Rachel Shamosh 9H1 Connecting the Dots

What could a Greek Goddess and a harsh Jewish leader possibly have in common? The answer to this question is more than one would expect. Both Hera Queen of Mount Olympus and Herod the Great ruler of Judea were extremely jealous, paranoid and temperamental individuals. The two also share in common that their rash behavior often resulted in suffering and sometimes the death of many innocent beings. Herod is considered one of the most accomplished, but also destructive Jewish leaders in history. On the one hand, Herod put Judea on the map as a super power nation at the time by building up the capital of Jerusalem and constructing some of the ancient world’s most magnificent cities and structures, such as Caesarea and Herod’s Temple to name a couple. On the other hand, Herod had a very cruel way of securing his power, and that was to seek and destroy. If Herod saw someone as even a slight threat to his ruler-ship, he would find that person and brutally kill him or her immediately. His paranoia that someone would snatch his throne away led him to executing his own family members. The family murders he committed included killing his father-in-law, Hyrcanus, mother-in-law, Alexandra and wife, Miriam. He

also managed to get rid of all descendants of the Hasmonean Dynasty, ending Judea’s era of Torah and foreign and domestic peace for good. One could argue that Herod single-handedly led the Jewish people to the one of their most devastating tragedies in history: the destruction of the Beit HaMikdash on account of the Romans in 70 AD. While Herod’s fear stemmed from political paranoia, Hera’s fear lied more in her personal worries. Hera is known as the beautiful and jealous wife of Zeus. Though the two were madly in love, Hera always had to keep an eye on Zeus who often had affairs with other women, mortal and non-mortal. In the event that Hera found Zeus caught in the act, she went to extreme measures to punish the women who were guilty of having an affair with him. We see this play out in the case of Io, a mortal woman who Zeus secretly wooed. As a story goes, when Hera was looking upon earth one day, she spotted a cloud and assumed it was her husband Zeus and rushed down to confirm the fact. When she arrived, she saw Zeus with a cow. In reality, the cow was Io who he was wooing and he cleverly transformed her into a cow when he saw his jealous wife approaching. From Zeus’ previous affairs, Hera deduced that the cow standing before her was not really a cow at all, but rather one of his mistresses. She therefore asked Zeus if she could have the cow and Zeus, afraid of his wife’s reactions, said yes. Furthermore, Hera was always plotting against the nymphs who she also suspected were tempting Zeus.
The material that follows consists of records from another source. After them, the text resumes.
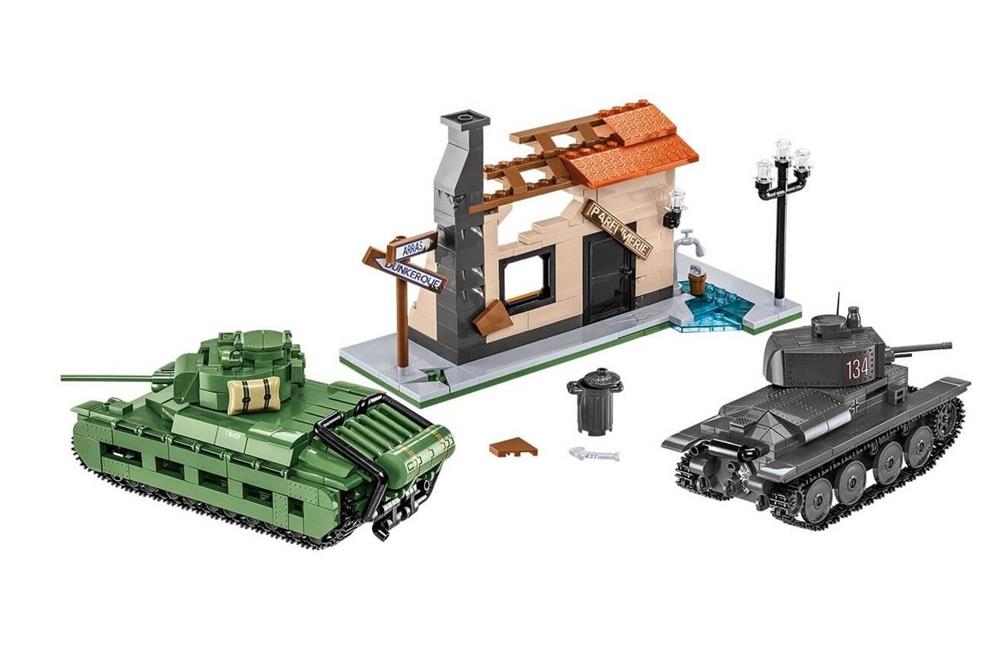 COBI HISTORICAL COLLECTION WWII BATTAGLIA DI ARRAS 1940 MATILDA II VS PANZER 38(T) 2284 COBI HISTORICAL COLLECTION WWII BATTAGLIA DI ARRAS 1940 MATILDA II VS PANZER 38(T) 2284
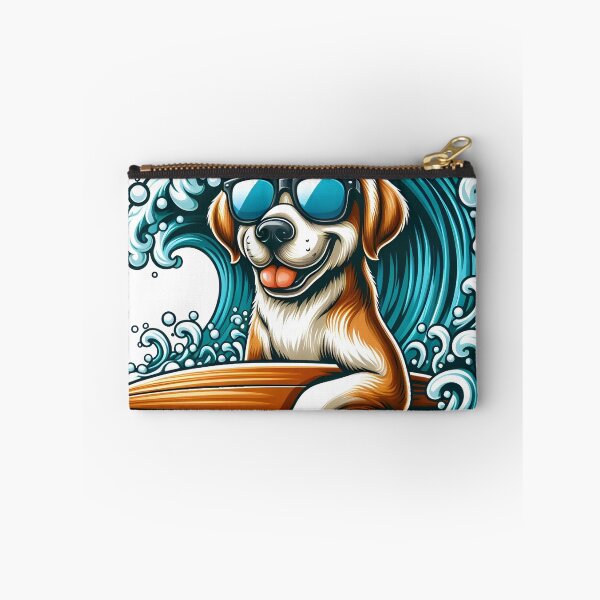 Item preview, Cute Surfing Dog Be Calm Retro Summer Beach designed and sold by MagySale.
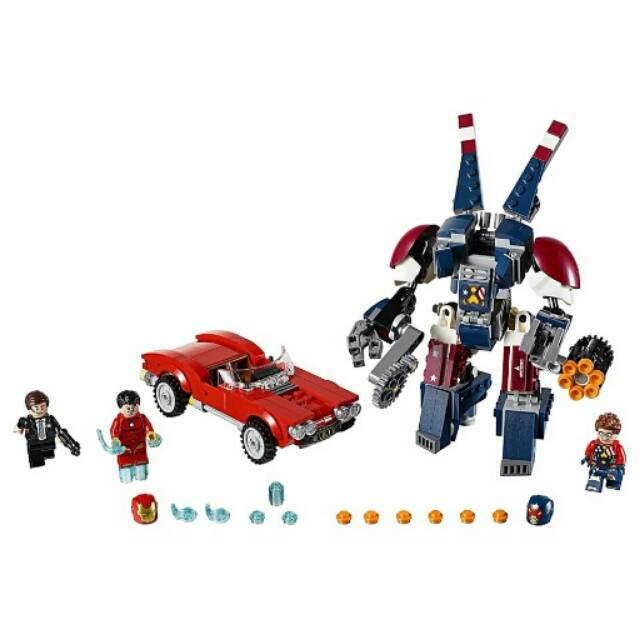 Brick super heroes : ironman detroit steel strikes sy 875 - lego compatible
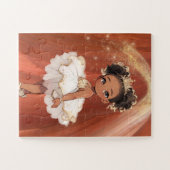 Afro-Amerikaanse Prinses Ballerina Legpuzzel (Horizontaal)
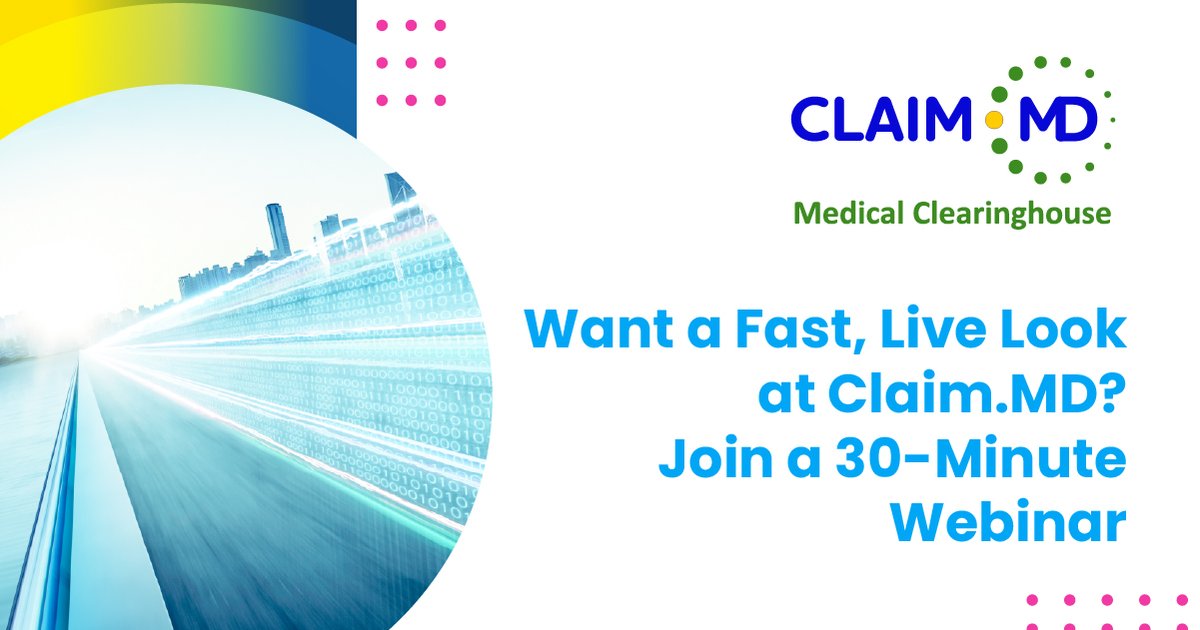 The clearinghouse you choose impacts every step of your revenue cycle.

This free webinar covers how modern clearinghouses can boost efficiency, transparency, and performance across the board.

Register now: claim.md/webinar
What I learned from comparing Herod and Hera is that every single one of your actions has a consequence that may or may not affect other people. Nevertheless, one should never make hasty decisions and should think matters through before taking action. Looking at the world through the lens of the Greeks has helped me evaluate and confirm my own belief system. By taking a step back and seeing what the Greeks valued and how they worshipped their gods, it did not make much sense to me. I cannot say it added any new layer to my identity, but rather strengthened by Jewish faith that was always there.